Task goal — Only one portion of the data is to be written out: from the line bearing "2500 Kings Lake BLVD, Naples, FL 34112" through the line bearing "5 Bed Townhouse". Write it exactly as it appears.

□ □ □ □

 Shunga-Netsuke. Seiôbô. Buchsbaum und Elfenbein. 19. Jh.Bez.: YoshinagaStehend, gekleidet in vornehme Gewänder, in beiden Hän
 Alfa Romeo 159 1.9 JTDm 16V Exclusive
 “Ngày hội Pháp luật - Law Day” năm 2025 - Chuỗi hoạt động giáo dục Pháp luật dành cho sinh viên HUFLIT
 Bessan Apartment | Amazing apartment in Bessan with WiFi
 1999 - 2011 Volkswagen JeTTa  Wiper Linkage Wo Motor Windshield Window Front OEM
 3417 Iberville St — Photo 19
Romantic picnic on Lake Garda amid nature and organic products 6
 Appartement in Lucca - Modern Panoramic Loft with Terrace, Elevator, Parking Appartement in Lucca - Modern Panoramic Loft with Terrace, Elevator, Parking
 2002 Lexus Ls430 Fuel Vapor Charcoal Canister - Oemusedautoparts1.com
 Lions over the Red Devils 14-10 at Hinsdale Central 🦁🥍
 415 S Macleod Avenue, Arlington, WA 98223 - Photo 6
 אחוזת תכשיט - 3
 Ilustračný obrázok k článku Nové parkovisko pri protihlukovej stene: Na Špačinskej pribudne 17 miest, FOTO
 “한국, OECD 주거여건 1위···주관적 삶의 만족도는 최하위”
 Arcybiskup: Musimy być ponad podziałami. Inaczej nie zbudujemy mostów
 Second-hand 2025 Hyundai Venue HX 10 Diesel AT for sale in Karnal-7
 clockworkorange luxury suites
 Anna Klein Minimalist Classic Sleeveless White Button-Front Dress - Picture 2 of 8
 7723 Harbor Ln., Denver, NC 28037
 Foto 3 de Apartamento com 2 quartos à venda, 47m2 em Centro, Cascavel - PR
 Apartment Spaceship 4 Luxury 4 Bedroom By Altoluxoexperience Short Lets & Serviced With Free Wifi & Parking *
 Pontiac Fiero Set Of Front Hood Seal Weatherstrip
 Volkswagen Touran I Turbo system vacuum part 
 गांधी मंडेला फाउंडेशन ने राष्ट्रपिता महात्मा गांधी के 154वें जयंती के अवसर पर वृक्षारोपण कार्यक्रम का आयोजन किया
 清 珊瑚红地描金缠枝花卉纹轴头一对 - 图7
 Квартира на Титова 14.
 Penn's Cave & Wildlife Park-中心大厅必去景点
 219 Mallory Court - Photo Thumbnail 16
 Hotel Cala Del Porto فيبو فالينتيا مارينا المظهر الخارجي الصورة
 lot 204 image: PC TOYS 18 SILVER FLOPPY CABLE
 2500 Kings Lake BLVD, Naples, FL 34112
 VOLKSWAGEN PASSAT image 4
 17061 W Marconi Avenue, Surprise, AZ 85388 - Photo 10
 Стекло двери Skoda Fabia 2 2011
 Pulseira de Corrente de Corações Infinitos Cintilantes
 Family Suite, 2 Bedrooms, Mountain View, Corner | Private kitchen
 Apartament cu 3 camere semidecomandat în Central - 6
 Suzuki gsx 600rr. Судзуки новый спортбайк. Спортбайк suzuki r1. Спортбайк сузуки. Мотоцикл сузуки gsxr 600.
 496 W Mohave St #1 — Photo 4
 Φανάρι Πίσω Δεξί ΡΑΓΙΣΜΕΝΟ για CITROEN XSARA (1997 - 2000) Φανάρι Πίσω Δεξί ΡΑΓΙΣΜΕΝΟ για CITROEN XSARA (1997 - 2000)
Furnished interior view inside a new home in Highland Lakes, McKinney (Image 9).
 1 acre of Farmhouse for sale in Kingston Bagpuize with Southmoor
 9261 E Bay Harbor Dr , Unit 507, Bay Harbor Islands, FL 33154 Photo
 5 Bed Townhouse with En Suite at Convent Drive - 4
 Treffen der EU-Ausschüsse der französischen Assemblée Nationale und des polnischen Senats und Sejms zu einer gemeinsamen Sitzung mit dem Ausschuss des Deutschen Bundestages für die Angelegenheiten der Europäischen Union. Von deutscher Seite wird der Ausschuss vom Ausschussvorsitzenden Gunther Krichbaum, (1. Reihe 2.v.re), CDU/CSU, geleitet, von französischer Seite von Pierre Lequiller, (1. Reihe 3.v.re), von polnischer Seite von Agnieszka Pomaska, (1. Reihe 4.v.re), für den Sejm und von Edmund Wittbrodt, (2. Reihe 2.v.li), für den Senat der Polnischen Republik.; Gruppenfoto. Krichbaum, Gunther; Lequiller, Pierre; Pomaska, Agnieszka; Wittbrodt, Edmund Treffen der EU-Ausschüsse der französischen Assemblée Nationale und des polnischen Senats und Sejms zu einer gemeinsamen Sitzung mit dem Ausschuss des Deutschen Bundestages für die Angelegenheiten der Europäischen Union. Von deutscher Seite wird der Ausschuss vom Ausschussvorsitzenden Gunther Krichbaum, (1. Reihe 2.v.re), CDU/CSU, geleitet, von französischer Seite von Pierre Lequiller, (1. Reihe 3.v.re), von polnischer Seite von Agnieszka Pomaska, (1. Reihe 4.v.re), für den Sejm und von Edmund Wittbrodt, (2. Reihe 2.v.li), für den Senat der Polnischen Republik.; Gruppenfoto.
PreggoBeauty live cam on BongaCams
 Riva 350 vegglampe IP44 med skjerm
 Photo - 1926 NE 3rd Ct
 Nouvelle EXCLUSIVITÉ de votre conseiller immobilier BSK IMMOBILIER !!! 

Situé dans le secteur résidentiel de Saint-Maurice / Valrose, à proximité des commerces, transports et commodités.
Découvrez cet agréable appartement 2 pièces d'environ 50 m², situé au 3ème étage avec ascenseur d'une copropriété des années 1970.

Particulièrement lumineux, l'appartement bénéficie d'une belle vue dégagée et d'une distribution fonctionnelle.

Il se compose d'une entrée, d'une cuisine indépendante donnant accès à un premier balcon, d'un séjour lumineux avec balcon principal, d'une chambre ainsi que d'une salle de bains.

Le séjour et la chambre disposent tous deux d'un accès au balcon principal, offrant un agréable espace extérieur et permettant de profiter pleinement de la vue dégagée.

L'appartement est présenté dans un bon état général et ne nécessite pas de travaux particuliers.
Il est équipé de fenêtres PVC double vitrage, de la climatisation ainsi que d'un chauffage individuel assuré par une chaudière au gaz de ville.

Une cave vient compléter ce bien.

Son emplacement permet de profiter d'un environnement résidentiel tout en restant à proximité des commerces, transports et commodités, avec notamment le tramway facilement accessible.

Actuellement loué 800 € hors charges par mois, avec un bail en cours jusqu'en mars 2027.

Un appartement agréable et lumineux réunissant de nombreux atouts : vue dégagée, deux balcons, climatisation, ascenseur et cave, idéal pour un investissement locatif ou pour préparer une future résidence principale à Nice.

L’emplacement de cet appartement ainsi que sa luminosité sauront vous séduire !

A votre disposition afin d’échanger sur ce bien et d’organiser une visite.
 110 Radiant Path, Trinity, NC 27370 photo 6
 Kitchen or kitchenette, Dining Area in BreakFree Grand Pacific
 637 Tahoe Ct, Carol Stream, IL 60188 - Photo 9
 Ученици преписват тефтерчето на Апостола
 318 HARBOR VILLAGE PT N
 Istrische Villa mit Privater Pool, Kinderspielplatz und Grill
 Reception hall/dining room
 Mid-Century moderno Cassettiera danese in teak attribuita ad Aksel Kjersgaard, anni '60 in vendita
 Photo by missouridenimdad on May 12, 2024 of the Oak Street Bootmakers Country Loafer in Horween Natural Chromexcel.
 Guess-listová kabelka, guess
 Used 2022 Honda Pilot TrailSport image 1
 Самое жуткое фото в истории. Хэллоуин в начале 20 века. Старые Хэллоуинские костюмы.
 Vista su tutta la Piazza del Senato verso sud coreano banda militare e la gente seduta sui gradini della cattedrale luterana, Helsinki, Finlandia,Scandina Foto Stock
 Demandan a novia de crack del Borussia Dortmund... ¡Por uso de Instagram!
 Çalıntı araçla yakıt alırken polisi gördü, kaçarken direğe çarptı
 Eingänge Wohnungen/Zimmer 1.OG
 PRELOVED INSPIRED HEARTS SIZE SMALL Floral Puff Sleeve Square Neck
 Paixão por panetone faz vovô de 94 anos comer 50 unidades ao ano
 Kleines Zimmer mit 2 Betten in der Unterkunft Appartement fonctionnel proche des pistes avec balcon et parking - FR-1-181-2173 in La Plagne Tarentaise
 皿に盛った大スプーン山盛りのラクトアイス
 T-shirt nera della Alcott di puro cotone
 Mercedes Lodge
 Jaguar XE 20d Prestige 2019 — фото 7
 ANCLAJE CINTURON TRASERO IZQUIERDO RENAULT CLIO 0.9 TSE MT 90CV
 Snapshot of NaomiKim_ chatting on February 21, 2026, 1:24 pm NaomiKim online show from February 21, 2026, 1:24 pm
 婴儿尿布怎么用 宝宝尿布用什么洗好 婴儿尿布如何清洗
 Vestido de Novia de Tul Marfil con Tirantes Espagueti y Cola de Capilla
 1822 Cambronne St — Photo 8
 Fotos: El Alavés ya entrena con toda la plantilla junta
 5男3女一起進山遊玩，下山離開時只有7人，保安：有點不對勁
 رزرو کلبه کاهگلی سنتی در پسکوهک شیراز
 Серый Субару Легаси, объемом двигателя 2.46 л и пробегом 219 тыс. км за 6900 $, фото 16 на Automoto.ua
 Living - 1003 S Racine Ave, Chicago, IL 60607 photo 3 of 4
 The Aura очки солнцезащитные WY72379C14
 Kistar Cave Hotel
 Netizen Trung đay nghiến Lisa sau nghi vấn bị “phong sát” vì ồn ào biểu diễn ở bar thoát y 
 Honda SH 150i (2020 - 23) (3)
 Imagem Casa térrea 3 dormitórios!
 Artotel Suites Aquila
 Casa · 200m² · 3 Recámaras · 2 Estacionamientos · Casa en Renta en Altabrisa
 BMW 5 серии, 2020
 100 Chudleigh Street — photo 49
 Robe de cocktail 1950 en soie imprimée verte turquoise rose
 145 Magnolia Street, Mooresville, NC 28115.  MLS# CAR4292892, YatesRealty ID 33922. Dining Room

□ □ □ □

Result —
 2500 Kings Lake BLVD, Naples, FL 34112
 VOLKSWAGEN PASSAT image 4
 17061 W Marconi Avenue, Surprise, AZ 85388 - Photo 10
 Стекло двери Skoda Fabia 2 2011
 Pulseira de Corrente de Corações Infinitos Cintilantes
 Family Suite, 2 Bedrooms, Mountain View, Corner | Private kitchen
 Apartament cu 3 camere semidecomandat în Central - 6
 Suzuki gsx 600rr. Судзуки новый спортбайк. Спортбайк suzuki r1. Спортбайк сузуки. Мотоцикл сузуки gsxr 600.
 496 W Mohave St #1 — Photo 4
 Φανάρι Πίσω Δεξί ΡΑΓΙΣΜΕΝΟ για CITROEN XSARA (1997 - 2000) Φανάρι Πίσω Δεξί ΡΑΓΙΣΜΕΝΟ για CITROEN XSARA (1997 - 2000)
Furnished interior view inside a new home in Highland Lakes, McKinney (Image 9).
 1 acre of Farmhouse for sale in Kingston Bagpuize with Southmoor
 9261 E Bay Harbor Dr , Unit 507, Bay Harbor Islands, FL 33154 Photo
 5 Bed Townhouse with En Suite at Convent Drive - 4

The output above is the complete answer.